September 19, 2008

relief is spelled - integration

this isn't a computer term, this is how i feel about life. finally. i'm integrated.

i feel that i've been running on a separate track from everyone else since i was a child. living in a parallel universe where my life kinda mattered but not really. like if i disappeared no one would really notice. i've been half there.

that is strange, considering that for much of my life i have been a concert musician, and a good one, and people do tend to notice that! yet i still felt invisible and strangely disconnected.

at the core of me there has been this big void when it comes to who is me?

it wasn't until this morning riding in on the train, with the sun in my eyes, reading my mike connelly murder mystery book after dropping kitten off at the vet to get his little balls cut off (poor baby). i looked into the sun & this feeling came over me.

i matter.

i am connected.

one of the things i have avoided throughout the years is connection. to anyone. based on the fact that i grew up moving so much, and am very wary of men & tending to lose my g-friends frequently, i try to keep myself to myself.

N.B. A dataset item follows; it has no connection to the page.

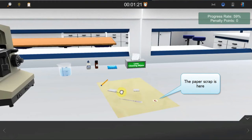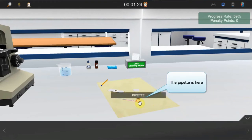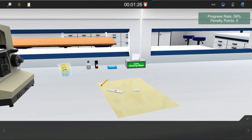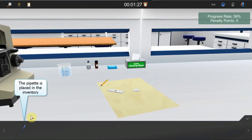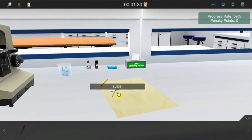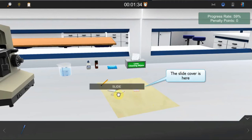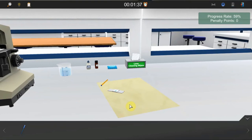Move the paper scrap onto the slide. Move the pipette onto the beaker to fill it with water. The pipette is now placed into the inventory. Move it over the slide cover and leave it to wet the paper scrap. Move the slide cover onto the slide. The test specimen is now ready.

but all of a sudden i really care for my kitten, and that makes me feel connected. plus i have a job where, if i don't show up to chair a couple financial services conferences, for example, someone will notice. and i have an apartment. a car. a kindasorta boyfriend stand-in guy (mr. big) who really is sweet even through my random craziness. and my dancing.

finally, i am here. i am home. there is a me, a home to go to in my heart. at last i can stop searching for it outside myself. i am integrated into me and my world.

how do you spell relief?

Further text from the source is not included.